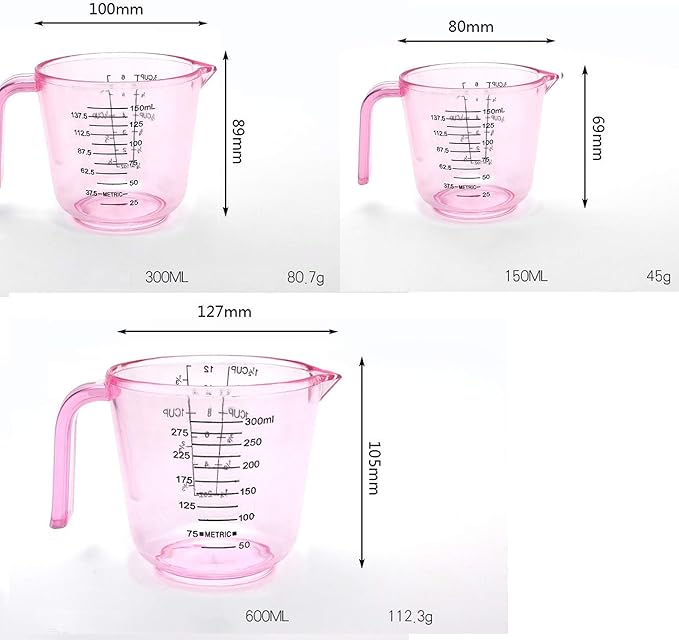 Plastic Measuring Cup Set, Kitchen Cooking and Baking Seasoning Liquid Measuring Cup, Multiple Scale Identification, with Handle and Triangle Mouth, 150ml, 300ml, 600ml, 3-piece Set (Pink)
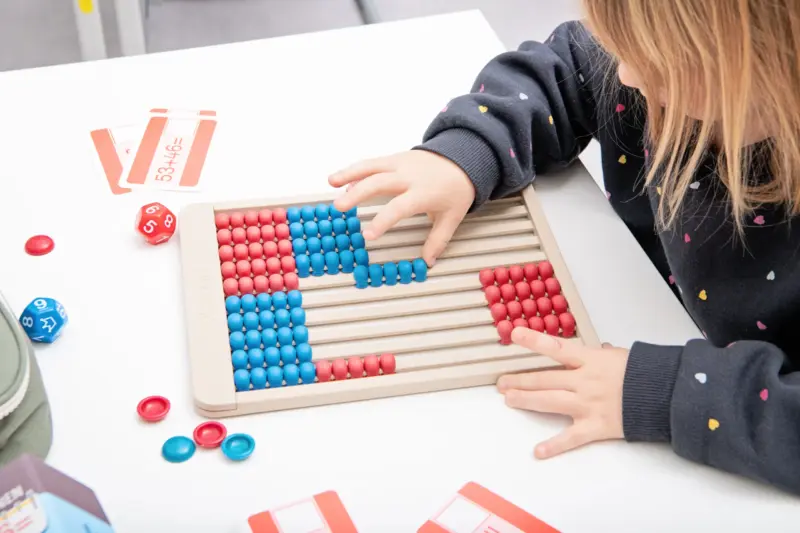 Flad Tælleramme "Betzold" med 100 Kugler - Rød / Blå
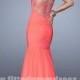 2015 La Femme 21203 Strapless Pleated Prom Dress with Sheer Back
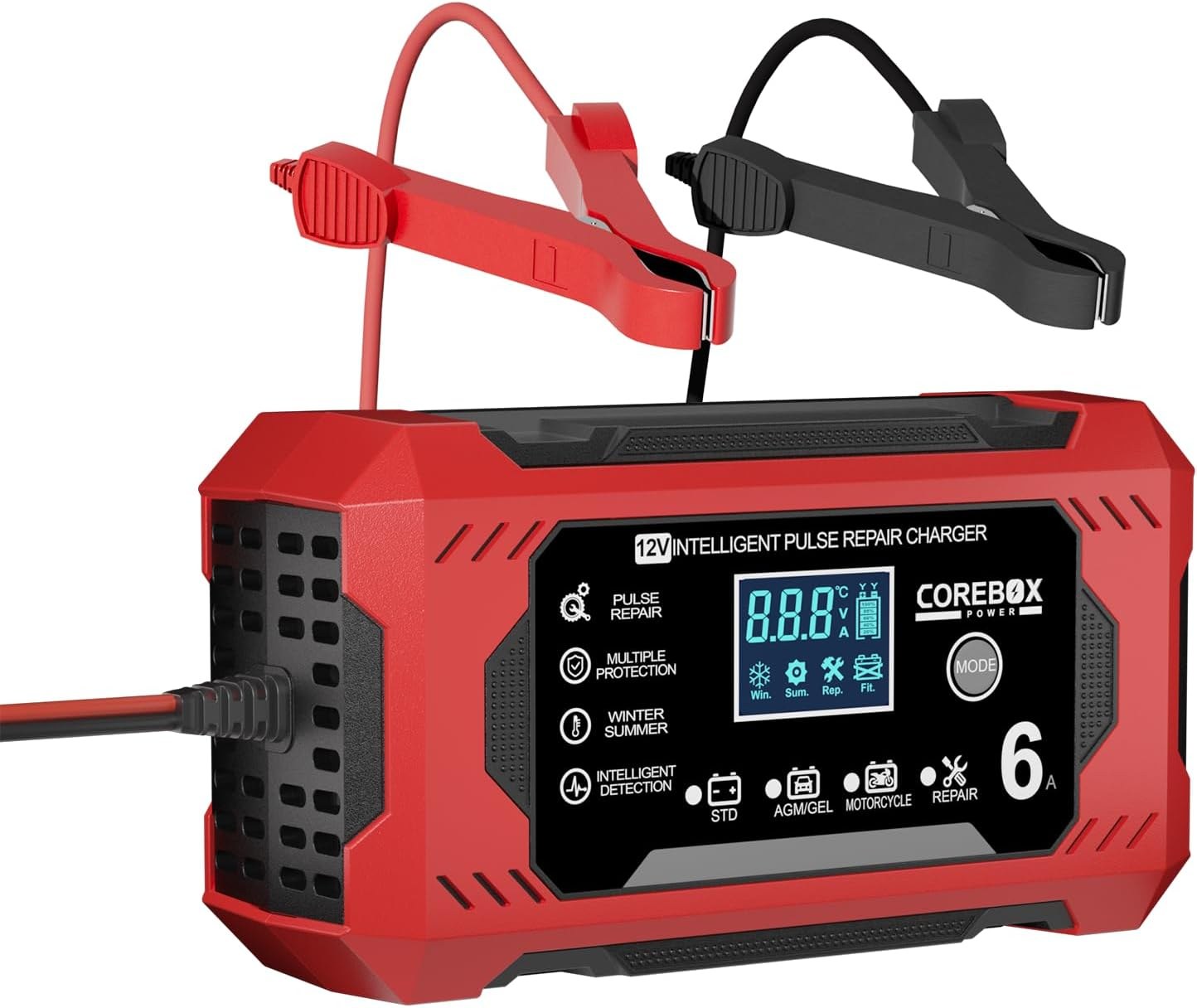 Corebox 12V 6A Smart Battery Charger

━━━━━━━━━━━━━━━━━━━━

*HOW TO COMPLETE THIS TASK*. Find the line containing "2015 La Femme" in the listing above. Please restate word for word that line through the last one, leaving out the pictures.

*RESPONSE BELOW*.
 2015 La Femme 21203 Strapless Pleated Prom Dress with Sheer Back
 Corebox 12V 6A Smart Battery Charger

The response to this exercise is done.